Whether you’re working in a start-up that needs funding or an established brand looking to extend your customer engagement, you’ll need to prove your app is worth the investment.
Requesting extra marketing budget is always a difficult task, and when it comes to investing in new technology where there isn’t always a proven test case, it becomes even harder. So when you approach the board for funding, be prepared and make sure you cover these key bits.
I think the first and most important question to ask yourself is why do you need a mobile app? Just like any other marketing request, if you can’t answer this question in a sentence or two, then you’ll find it incredibly difficult to sell the idea to someone else.
And it’s not just why you think you need a mobile app that’s important, you need to convince the board that your customers need it too. As marketers, we're sure you will never underestimate the importance of customer research.
Having a clear picture of how your users already interact with their mobiles and apps is key to understanding exactly how they will engage with your app - and this is something that can be done through collaborating with the company's tech team.
The bigger picture
Understanding your customers will not only help you sell your app to the board, but it will also give you a better understanding of how it will integrate into your existing marketing strategy.

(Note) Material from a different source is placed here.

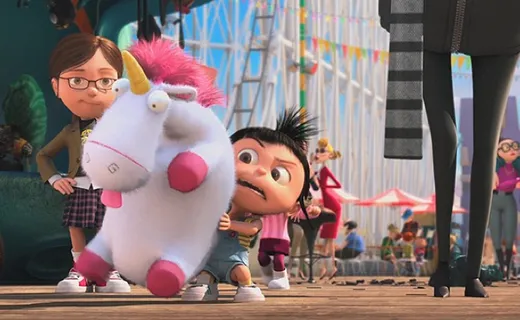 A little girl hugging a huge fluffy toy unicorn at a fairground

If you’re an established brand, then your app needs to be an extension of your brand. It needs to engage your customers on a deeper level than social media and your website, but it still needs to fit into the entire strategy to work.
By showing the board how a mobile app will give your customers more than they already get, and ultimately lead to increased brand engagement or improved conversions, you’ll be able to begin proving the ROI.
Having the financials outlined at this stage is key to winning over the board. They’ll want to know exactly what it’s going to cost them and how you intend to make that money back.
At the end of the day, your app needs to support your key marketing goal. As well as defining how it fits into your strategy, you’ll need to show how it will impact your business
In order to get some project costs, you’ll need to liaise with some freelancers, contractors or agencies to determine the best route for development and to get some quotes.
As with anything digital, you’re paying for skill and time, and the figures will vary considerably between who you talk to, expect day rates from £300 to over £1,000.
When researching developers for your app, be sure to discuss support, security, ownership of the IP, features and analytics. Some agencies will charge different costs for different support and licensing agreements. Make sure you get all the facts up front so you’re confident costs won’t change.
It’s also worth taking into account the internal resource that will be required for the project, who will be needed in meetings during the development of the app, and more importantly, who will be responsible for the on-going management of the app? An app is a product, not just a project.
To keep your app users engaged and using your app, it will need to be continually updated, enhanced and updated. You should include this thought process within your pitch.
At the end of the day, your app needs to support your key marketing goal. As well as defining how it fits into your strategy, you’ll need to show how it will impact your business.
It’s great to shout about all the things a mobile app could do, but the board will be interested in what’s in it for them. It will be much easier for them to sign off budget if they can see how the app will benefit the company.
Is it to improve brand engagement or to increase revenue? What results do you expect to see?
Although you’re selling your app idea to the board to get their buy in, you need to be honest with your reasoning and be realistic with your figures.
It’s a huge investment which needs to be executed well to be successful and you need to be clear about purpose, need, costs and outcomes.